Supplied data:
******
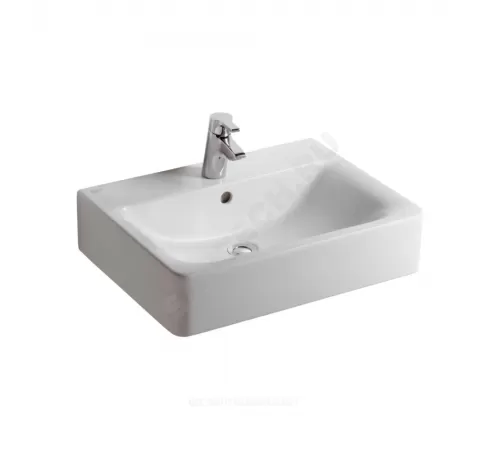 Умывальник подвесной Connect CUBE 60 1 отверстие под смеситель по центру белый Ideal Standard E794501 Умывальник подвесной Connect CUBE 60 1 отверстие под смеситель по центру белый Ideal Standard E794501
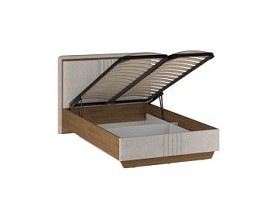 Кровать 1200 Modern с подъемным механизмом, Палермо (1400*2090*1080) Nebby 304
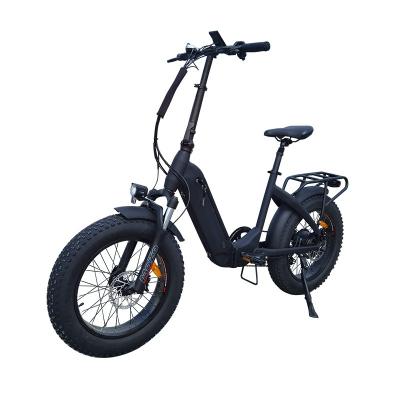 China Standard Hydraulic Cycle Electric Foldable Electric Bike 2 Wheel E Bike Convenient Suspension City Electric Bike for sale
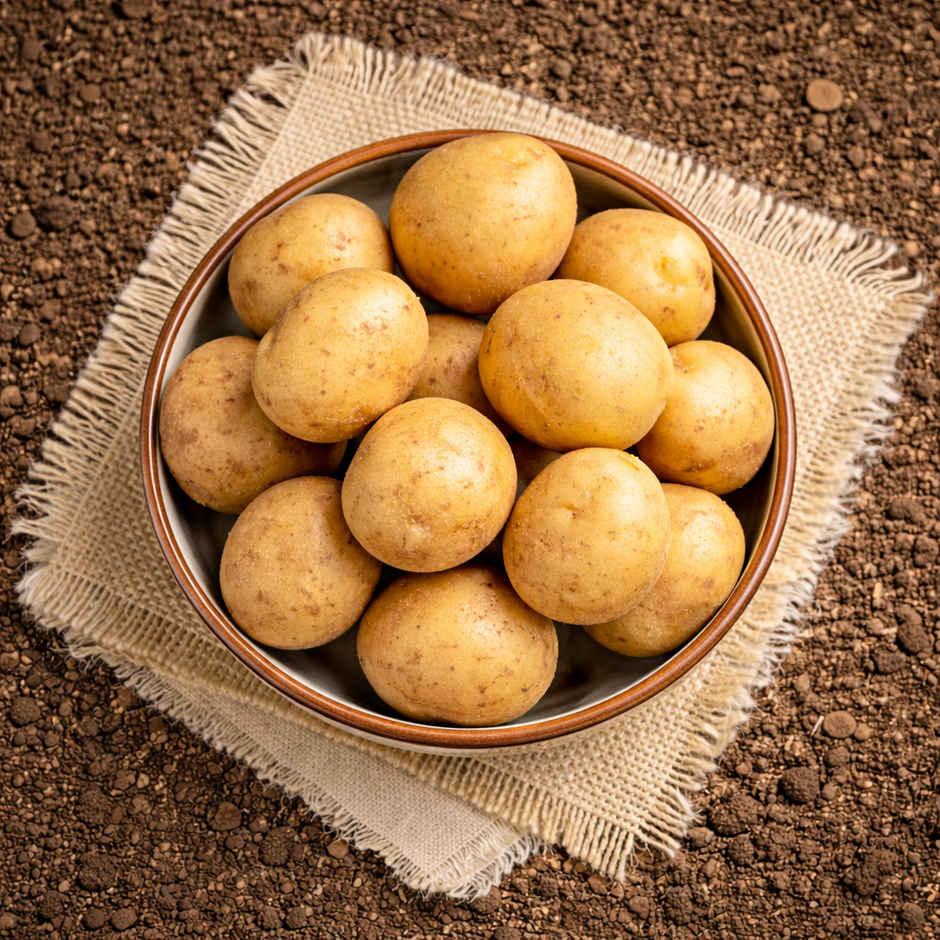 Organically Grown Baby Potato (Chota Aloo)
******
About this task: Restate the listing word for word, pictures excluded.

Response to the task:
 Умывальник подвесной Connect CUBE 60 1 отверстие под смеситель по центру белый Ideal Standard E794501 Умывальник подвесной Connect CUBE 60 1 отверстие под смеситель по центру белый Ideal Standard E794501
 Кровать 1200 Modern с подъемным механизмом, Палермо (1400*2090*1080) Nebby 304
 China Standard Hydraulic Cycle Electric Foldable Electric Bike 2 Wheel E Bike Convenient Suspension City Electric Bike for sale
 Organically Grown Baby Potato (Chota Aloo)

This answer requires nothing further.